Exercise instructions: Word for word, restate every line from the one with "Yield Obligasi 11" through the end of the records below, both included, and add nothing.

(Records from a dataset)
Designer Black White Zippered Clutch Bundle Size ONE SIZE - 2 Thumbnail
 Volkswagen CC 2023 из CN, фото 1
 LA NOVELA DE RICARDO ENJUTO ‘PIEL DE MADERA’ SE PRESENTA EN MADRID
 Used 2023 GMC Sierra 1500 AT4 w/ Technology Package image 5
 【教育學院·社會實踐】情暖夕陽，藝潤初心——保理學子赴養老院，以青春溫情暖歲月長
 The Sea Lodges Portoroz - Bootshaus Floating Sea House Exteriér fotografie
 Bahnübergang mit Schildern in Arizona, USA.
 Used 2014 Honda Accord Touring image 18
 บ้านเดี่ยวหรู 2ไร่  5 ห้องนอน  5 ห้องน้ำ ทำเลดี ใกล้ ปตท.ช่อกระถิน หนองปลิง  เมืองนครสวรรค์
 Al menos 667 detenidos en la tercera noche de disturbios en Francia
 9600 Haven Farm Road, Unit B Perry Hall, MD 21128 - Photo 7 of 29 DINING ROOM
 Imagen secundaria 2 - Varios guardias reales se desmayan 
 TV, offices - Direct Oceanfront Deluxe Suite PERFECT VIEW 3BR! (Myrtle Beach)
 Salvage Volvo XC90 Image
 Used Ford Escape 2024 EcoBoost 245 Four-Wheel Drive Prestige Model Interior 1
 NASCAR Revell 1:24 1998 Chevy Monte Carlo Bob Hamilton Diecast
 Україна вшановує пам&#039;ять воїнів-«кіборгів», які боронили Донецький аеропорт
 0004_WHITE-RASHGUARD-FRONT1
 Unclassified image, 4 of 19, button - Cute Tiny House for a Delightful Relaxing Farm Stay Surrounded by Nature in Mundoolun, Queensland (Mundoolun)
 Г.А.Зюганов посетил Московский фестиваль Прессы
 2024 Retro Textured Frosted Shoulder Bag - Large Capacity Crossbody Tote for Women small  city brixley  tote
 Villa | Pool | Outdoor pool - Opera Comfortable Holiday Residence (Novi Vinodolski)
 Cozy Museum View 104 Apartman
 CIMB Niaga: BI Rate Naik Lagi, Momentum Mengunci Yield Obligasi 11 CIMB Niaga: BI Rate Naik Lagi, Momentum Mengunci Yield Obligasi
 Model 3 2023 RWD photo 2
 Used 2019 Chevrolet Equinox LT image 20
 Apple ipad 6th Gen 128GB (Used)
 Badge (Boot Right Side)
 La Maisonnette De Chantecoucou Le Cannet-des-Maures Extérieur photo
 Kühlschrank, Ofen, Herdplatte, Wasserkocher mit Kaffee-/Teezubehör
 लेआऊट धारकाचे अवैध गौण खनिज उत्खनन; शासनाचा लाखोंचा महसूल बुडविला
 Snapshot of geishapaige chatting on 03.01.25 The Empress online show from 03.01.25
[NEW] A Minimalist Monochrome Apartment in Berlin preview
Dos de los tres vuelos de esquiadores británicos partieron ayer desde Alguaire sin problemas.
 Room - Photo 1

Exercise response:
 CIMB Niaga: BI Rate Naik Lagi, Momentum Mengunci Yield Obligasi 11 CIMB Niaga: BI Rate Naik Lagi, Momentum Mengunci Yield Obligasi
 Model 3 2023 RWD photo 2
 Used 2019 Chevrolet Equinox LT image 20
 Apple ipad 6th Gen 128GB (Used)
 Badge (Boot Right Side)
 La Maisonnette De Chantecoucou Le Cannet-des-Maures Extérieur photo
 Kühlschrank, Ofen, Herdplatte, Wasserkocher mit Kaffee-/Teezubehör
 लेआऊट धारकाचे अवैध गौण खनिज उत्खनन; शासनाचा लाखोंचा महसूल बुडविला
 Snapshot of geishapaige chatting on 03.01.25 The Empress online show from 03.01.25
[NEW] A Minimalist Monochrome Apartment in Berlin preview
Dos de los tres vuelos de esquiadores británicos partieron ayer desde Alguaire sin problemas.
 Room - Photo 1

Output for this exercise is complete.